BRANCO (2009), em análise do direito à vida como direito de defesa e dever de proteção, aponta duas acepções do direito à vida: (i) a de impedir que os poderes públicos e outros indivíduos cometam agressão à vida ou cometam atos de alguma forma contrários à existência humana (dimensão negativa) e (ii) a da pretensão jurídica à proteção do direito à vida pelo Estado por meio da criação de serviços de polícia, sistema prisional e organização judiciária (dimensão positiva).
O direito à vida, portanto, segundo BRANCO, (2009), não se confunde com a mera liberdade de optar por não viver, haja vista que os poderes públicos têm o dever de proteção à vida mesmo contra a vontade do titular, no caso de haver tentativa de suicídio. O dever de proteção inclui a proteção à vida pelo Estado dos indivíduos que se encontram sob sua tutela ou custódia, cabendo responsabilidade civil mesmo nos casos em que o homicídio não seja imputado ao agente público. Cabe à autoridade pública, sabendo da existência de risco à vida humana (por exemplo, em caso de ameaça), o dever de proteção e, se há omissão dos meios preventivos, há falha do Estado no dever de garantir o direito à vida. Inclui-se, no dever de proteção por parte do Estado, utilizar toda a diligência no sentido de investigar e apurar as suspeitas aos casos de violação ao direito à vida e nos casos de morte não natural. A investigação deve ser a mais ampla, imediata e imparcial possível. Paulo Gustavo Gonet Branco, acima referido, acentua ainda o dever de proteção no caso de extradição, expulsão ou deportação de indivíduos sujeitos à pena de morte, inclusive firmando compromisso formal de comutação da pena para que haja a entrega. (BRANCO, 2009, p. 398-399).
No contexto do Estado Moderno, a Lei, como instrumento dos dominantes, insere a ideologia dos direitos humanos e, nessa perspectiva, o que seria uma luta pela dignidade humana das gerações do presente e do futuro acaba por se transformar em instrumento político de cobrança dos países ricos sobre os pobres. Esse parece ser o novo pensamento da ordem mundial, onde os direitos ultrapassam as fronteiras dos países e onde os direitos são repetidamente desrespeitados pelos países centrais na prática de genocídios. Esses “direitos” têm por base a manutenção da dominação dos países ricos sobre os países pobres, em que aqueles decidem os destinos do novo milênio, onde muito se discute, mas os problemas são velhos e continuam sem solução.
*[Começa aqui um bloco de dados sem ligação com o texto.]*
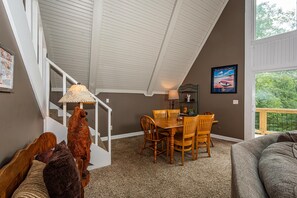 A dining area with a wooden table and chairs, a lamp, and a bear sculpture. - Cabin w/ Pond, Hot Tub & Pool Table | Family-Friendly Retreat 3BR, 2BA (Nashville)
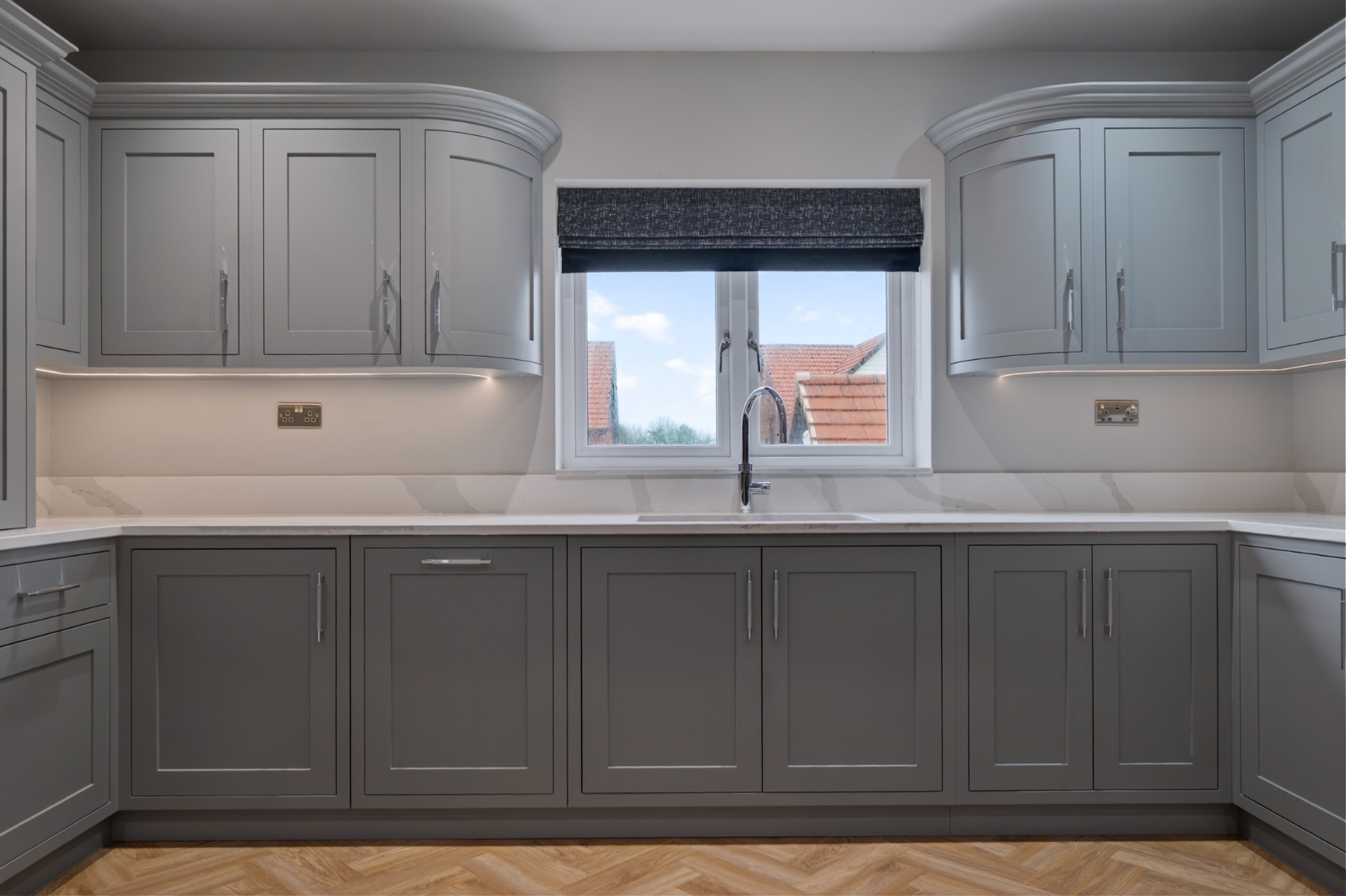 Belvedere Parade — symmetrical sink view with curved wall units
Nesse sentido, a globalização tem sido muito mais uma via de mão única, em especial no aspecto social, com os países ditos centrais procurando manter seu poder e controle sobre os demais da periferia:
“O processo de globalização altera e, sob alguns aspectos, reduz os atributos de soberania dos Estados nacionais. É preciso, porém, considerar as reações destes diante das questões propostas pela própria globalização. Os Estados nacionais posicionam-se diante do processo de globalização conforme interesses de classe que expressam, empregando os meios de pressão e persuasão de que dispõem.” (GORENDER, 1995, p. 98. Disponível em: <http://www.scielo.br/scielo.php?script=sci_arttext&pid=S0 103-40141995000300007>. Acesso em: 9 nov. 2011).
A política belicista dos Estados Unidos da América utiliza do falso discurso democrático e das liberdades para desmantelar ditaduras pelo mundo, tendo capítulo à parte, no pós-11 de setembro, a chamada doutrina Bush de combate ao terrorismo por meio do Patriot Act[1]. Esse mesmo país, no entanto, não respeita os direitos humanos dos países que invade, cometendo genocídios em nome da democracia. Basta lembrar a Guerra do Iraque, em que milhões de vidas de iraquianos foi ceifada por interesses econômicos da indústria bélica e petrolífera dos norte-americanos e de seus aliados, em nome do combate ao “eixo do mal”. Não custa lembrar que, em passado recente, os mesmos norte-americanos financiaram e apoiaram o autoritarismo via regimes ditatoriais na América Latina, numa postura que atenta contra as liberdades públicas.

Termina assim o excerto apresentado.